What to produce:
Write each line out exactly, from the one containing "The first of" through the final line of the data, and keep pictures out of the copy.

Dataset:
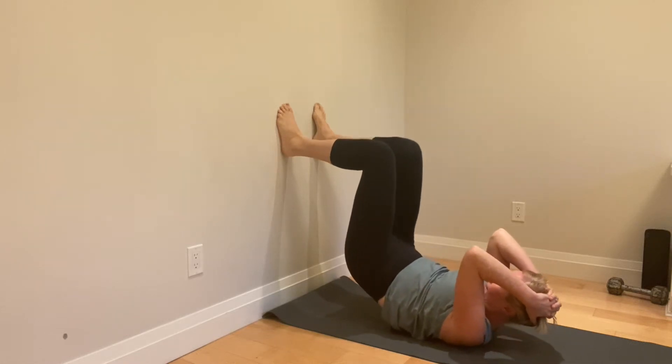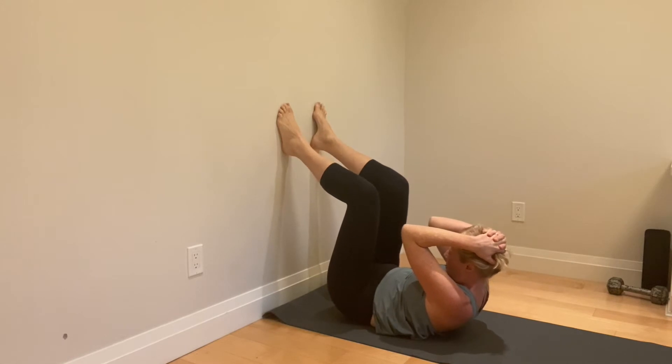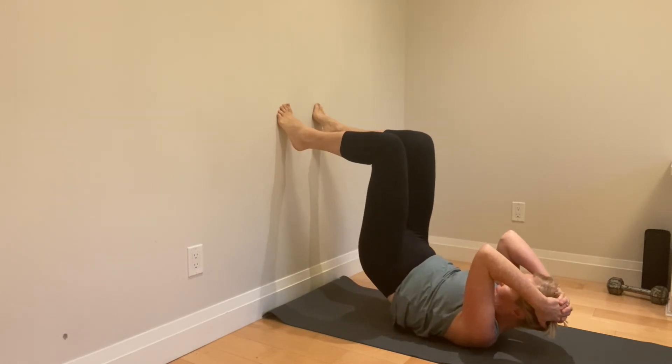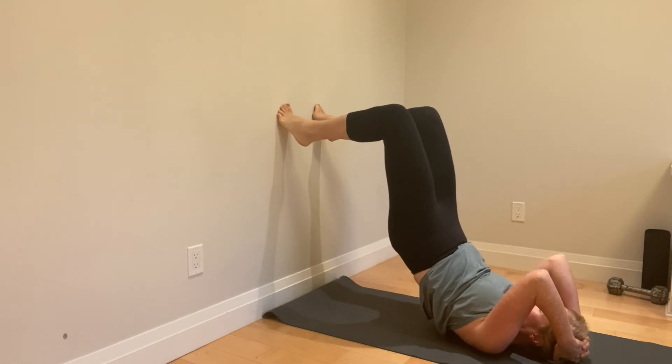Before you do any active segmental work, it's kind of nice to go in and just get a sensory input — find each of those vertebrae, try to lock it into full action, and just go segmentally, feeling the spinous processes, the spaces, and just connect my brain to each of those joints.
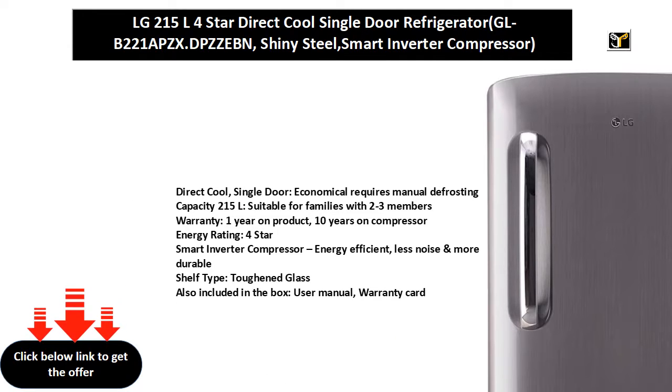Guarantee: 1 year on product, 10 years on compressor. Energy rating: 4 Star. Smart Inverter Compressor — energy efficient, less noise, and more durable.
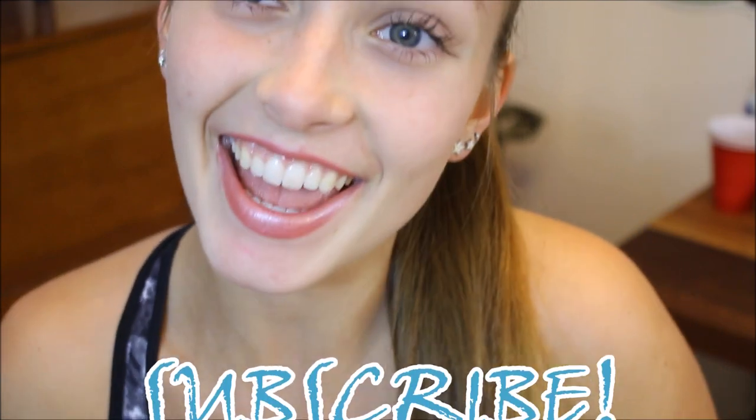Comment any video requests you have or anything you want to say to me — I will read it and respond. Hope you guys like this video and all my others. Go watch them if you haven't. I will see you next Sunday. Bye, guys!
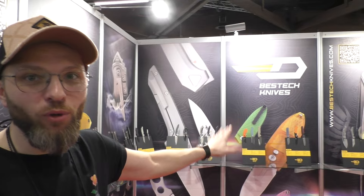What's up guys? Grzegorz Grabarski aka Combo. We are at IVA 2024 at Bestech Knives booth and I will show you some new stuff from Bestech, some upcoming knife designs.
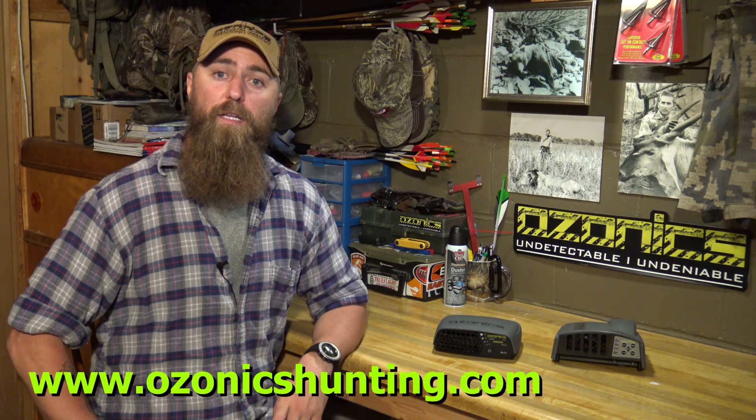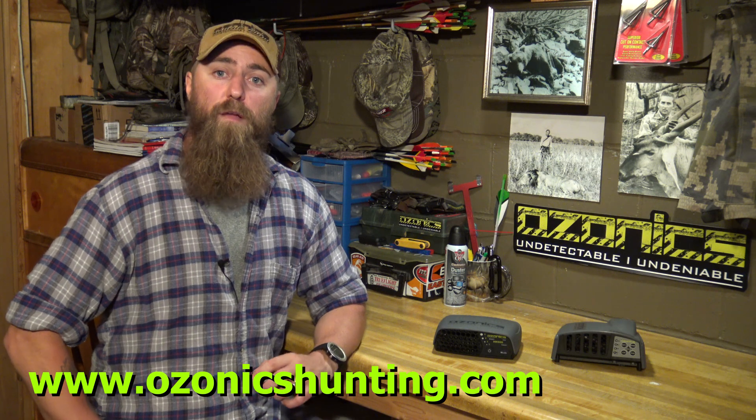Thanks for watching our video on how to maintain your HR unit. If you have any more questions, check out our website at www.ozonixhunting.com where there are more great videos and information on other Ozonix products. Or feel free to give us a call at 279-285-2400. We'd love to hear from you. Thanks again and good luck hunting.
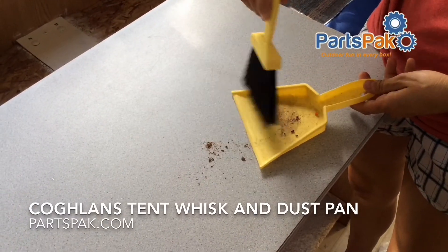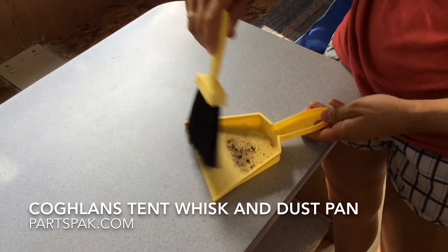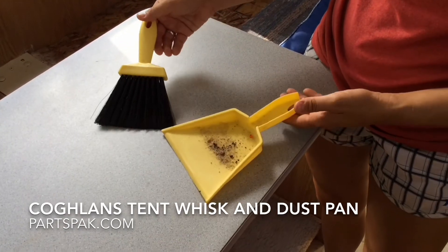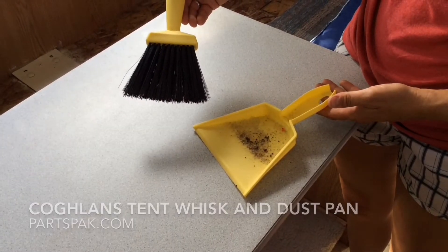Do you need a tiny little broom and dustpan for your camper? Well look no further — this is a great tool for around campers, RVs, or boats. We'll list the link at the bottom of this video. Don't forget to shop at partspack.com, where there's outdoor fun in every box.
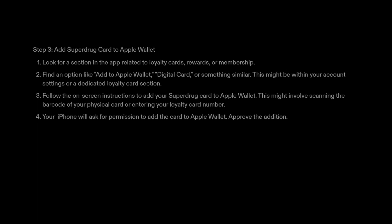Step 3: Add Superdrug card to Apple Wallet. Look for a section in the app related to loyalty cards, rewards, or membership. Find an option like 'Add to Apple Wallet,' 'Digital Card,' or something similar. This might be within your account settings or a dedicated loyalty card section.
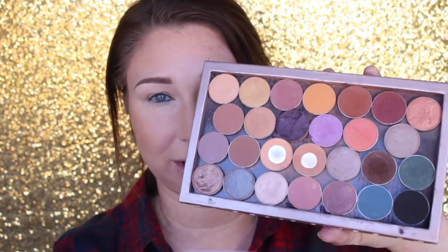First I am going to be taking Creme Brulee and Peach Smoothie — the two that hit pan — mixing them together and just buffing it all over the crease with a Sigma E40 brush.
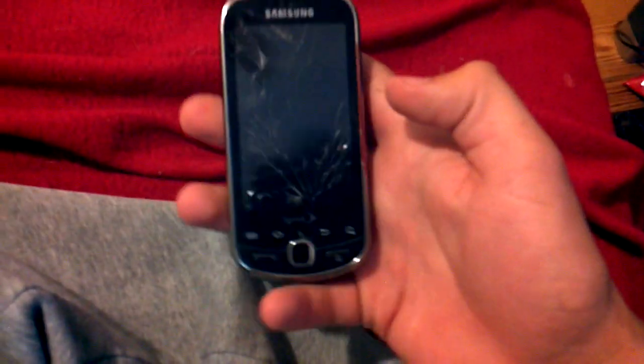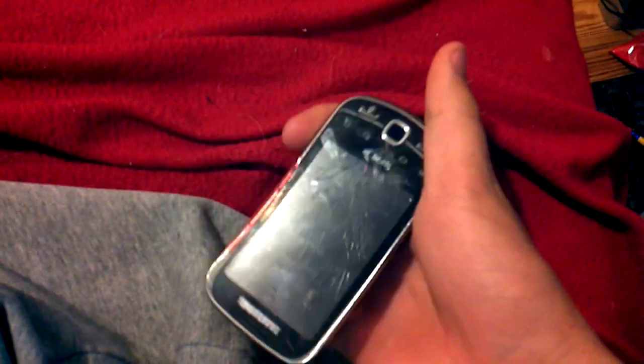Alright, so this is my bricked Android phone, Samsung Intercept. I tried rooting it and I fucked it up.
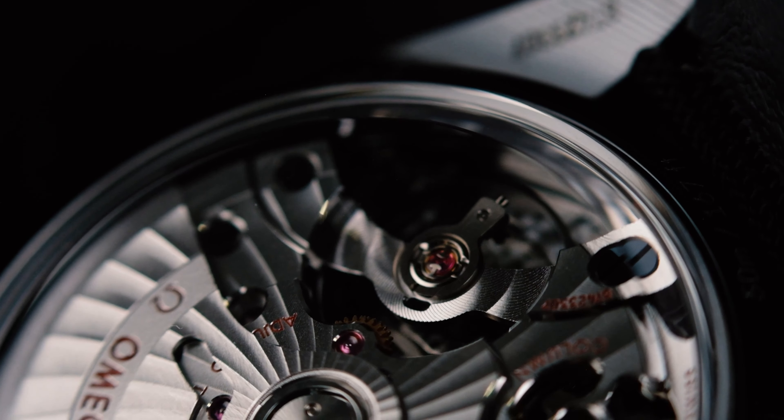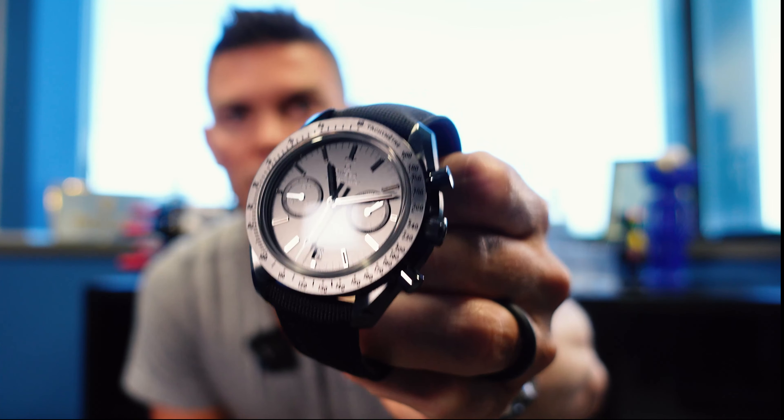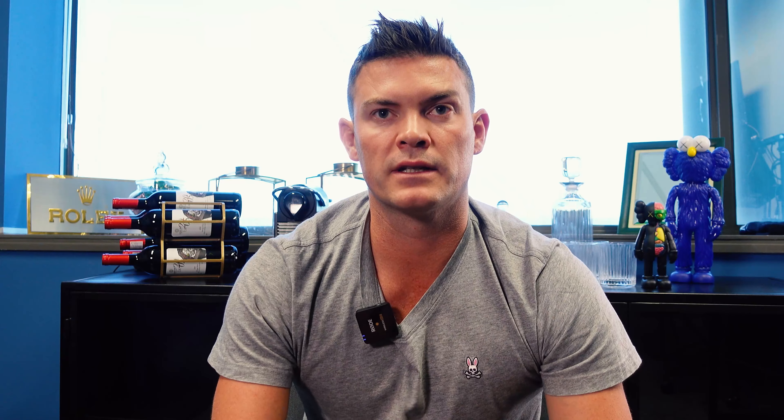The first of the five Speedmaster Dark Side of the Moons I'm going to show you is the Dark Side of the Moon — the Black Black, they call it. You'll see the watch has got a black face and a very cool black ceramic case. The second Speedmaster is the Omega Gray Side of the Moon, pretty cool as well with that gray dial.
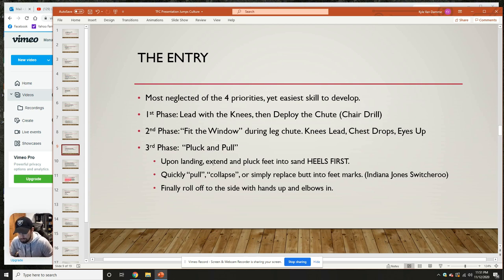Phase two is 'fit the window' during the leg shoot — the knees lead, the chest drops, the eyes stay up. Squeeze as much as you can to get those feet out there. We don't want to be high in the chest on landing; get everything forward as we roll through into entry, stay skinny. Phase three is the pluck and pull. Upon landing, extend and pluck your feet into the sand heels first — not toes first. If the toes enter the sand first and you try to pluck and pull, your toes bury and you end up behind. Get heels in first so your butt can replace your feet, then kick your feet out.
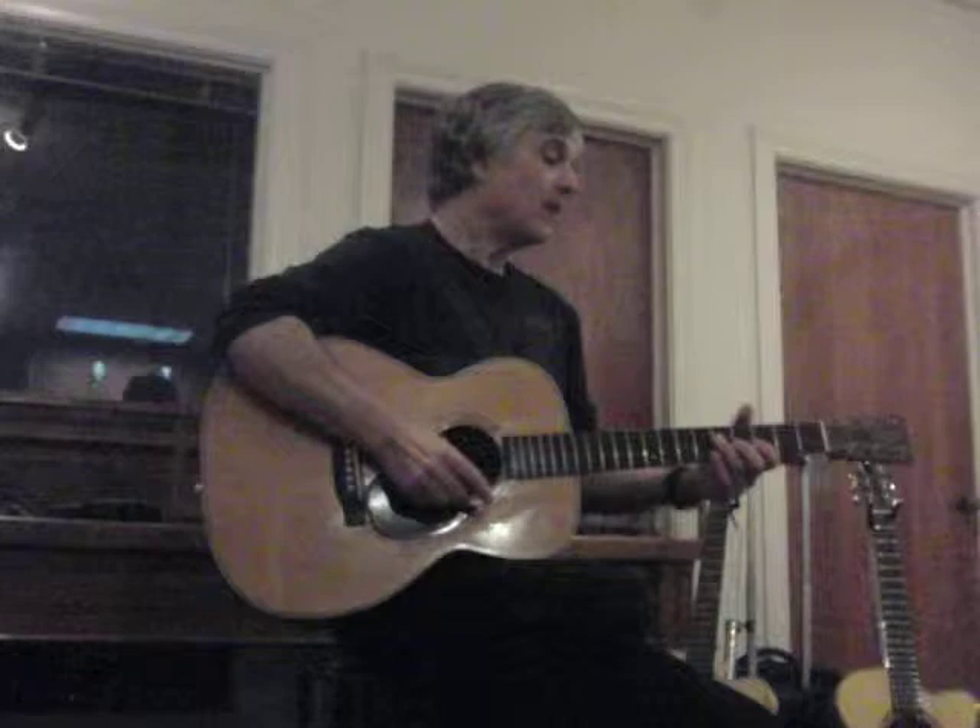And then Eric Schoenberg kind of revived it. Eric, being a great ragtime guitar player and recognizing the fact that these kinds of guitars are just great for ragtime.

Problem solution:
The first of the five Speedmaster Dark Side of the Moons I'm going to show you is the Dark Side of the Moon — the Black Black, they call it. You'll see the watch has got a black face and a very cool black ceramic case. The second Speedmaster is the Omega Gray Side of the Moon, pretty cool as well with that gray dial.
Phase two is 'fit the window' during the leg shoot — the knees lead, the chest drops, the eyes stay up. Squeeze as much as you can to get those feet out there. We don't want to be high in the chest on landing; get everything forward as we roll through into entry, stay skinny. Phase three is the pluck and pull. Upon landing, extend and pluck your feet into the sand heels first — not toes first. If the toes enter the sand first and you try to pluck and pull, your toes bury and you end up behind. Get heels in first so your butt can replace your feet, then kick your feet out.
And then Eric Schoenberg kind of revived it. Eric, being a great ragtime guitar player and recognizing the fact that these kinds of guitars are just great for ragtime.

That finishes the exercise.